3. Несколько раз в не зависящих друг от друга источниках встречала фразу: «Никто не понял женщины лучше Толстого и Бальзака». Она всегда вгоняла меня в лёгкую оторопь. О Бальзаке судить не берусь, читала лишь Лилию долины, а Блеск и нищету бросила, так же не дочитав (забавная параллель), - о Толстом: ничего он в моём восприятии в женщине не понял. Он взял тут и там самое поверхностное, усугубил и выдал за глубокий психологизм. Здесь сразу: Толстой для меня наблюдатель, но не психолог, нет. Лишь однажды, в Анне Карениной, с самой Анной он подступил близко-близко к разгадке женщины, всего самого глубинного, нутряного, бескрайнего, тёмного, сильно-слабого, самоотверженного в ней, но, заглянув в бездну, испугался, что бездна в ответ заглянет в него, и наказал Анну за то, что она ему показала, за то, насколько женщина как существо низшее и презираемое внезапно оказалась глубока. Достоевский же описал в своих женщинах гораздо больше, он заглянул так глубоко, до страшного, что немеют руки, он докопался до таких глубин, куда мы сами вообще никогда не рискуем смотреть. Всё прекрасное и омерзительное одновременно он показывал так, словно говорил: она имеет на это право. Любой имеет на это право. Человек вообще имеет право чувствовать и думать, как хочет и может.
Ф.М. не боялся патологичного, абсурдного, чернушного в людях, ибо никто не совершенен.

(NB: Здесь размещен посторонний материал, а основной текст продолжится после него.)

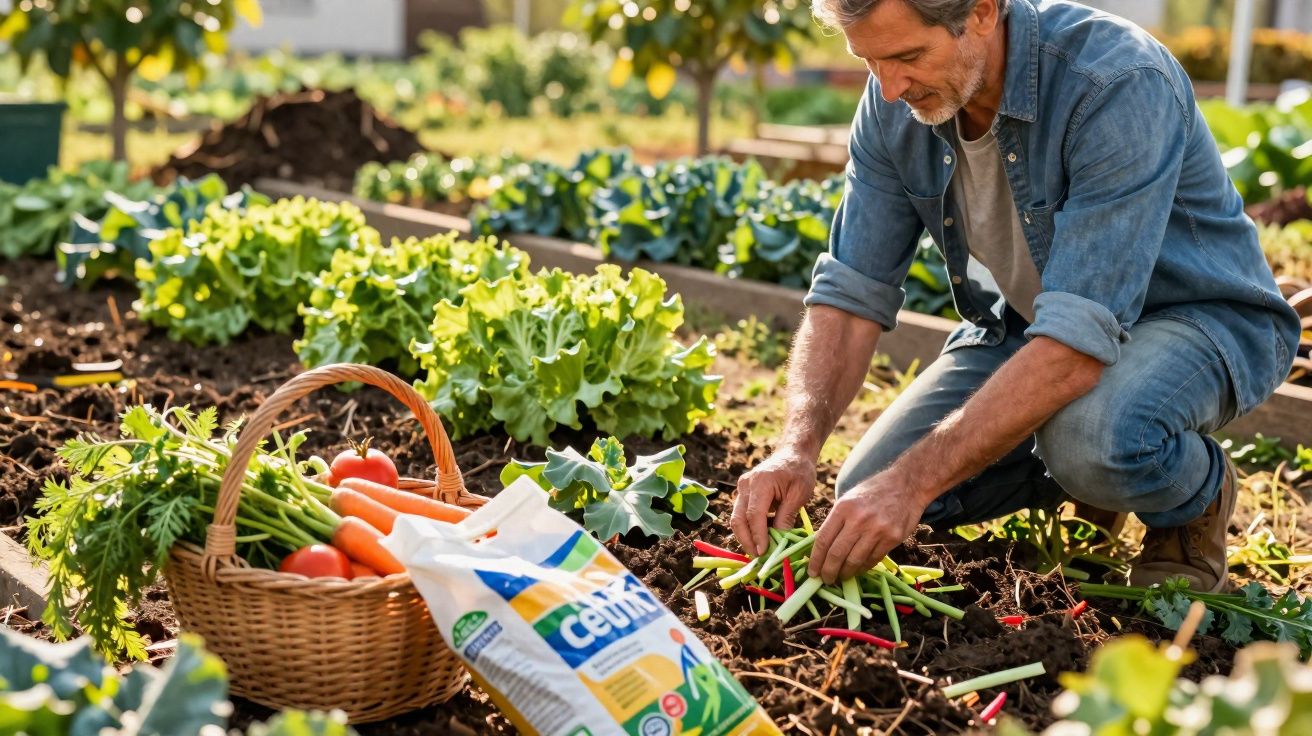 Homem a colher legumes numa horta com cesto de vegetais frescos ao lado.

Толстой боялся, отплёвывался, открещивался от этой исконной, природной черноты, судил её, не вникая. Один предпочитал погружаться на дно людских душ, другой - выхолащивать (или, будучи великим писателем, погрузившись против собственной воли, за это карал). Сопереживатель и каратель. Психолог и учитель. Таковы они для меня.
NB! Не отрицаю величия Толстого. Достоевский - погружение в человека, в чувства и помыслы; читая его, невольно уверуешь в существование бессмертной души, ибо не может вот это всё быть просто продуктом высокоорганизованной материи мозга. Толстой же - это великолепный исторический анализ, срез событий, эпохи, действительности. Он гениален как хронист и патологоанатом общества. Опять, смотрите: внутреннее и внешнее. Так вот внутреннее для меня всегда будет важнее. Всё, сказанное выше, не о том, что Ф.М. лучше вообще (конкретно для меня - да, но не на весах всемирной литературы), а Л.Н. хуже. Это о том, что лично я, как читатель, предпочитаю именно внутреннее, то есть, Достоевского. Я не хочу стоять бок о бок с наблюдателем и фиксировать в блокноте, чтобы потом выдать рецензию на жизнь. Я хочу натягивать на себя склизкую, мокрую изнутри от соков и крови чужую шкуру, чтобы, обрушиваясь в темноту человеческой души, знать: оттуда, с самого дна, всегда будет тянуться тоненькая лесенка наверх, к небесам.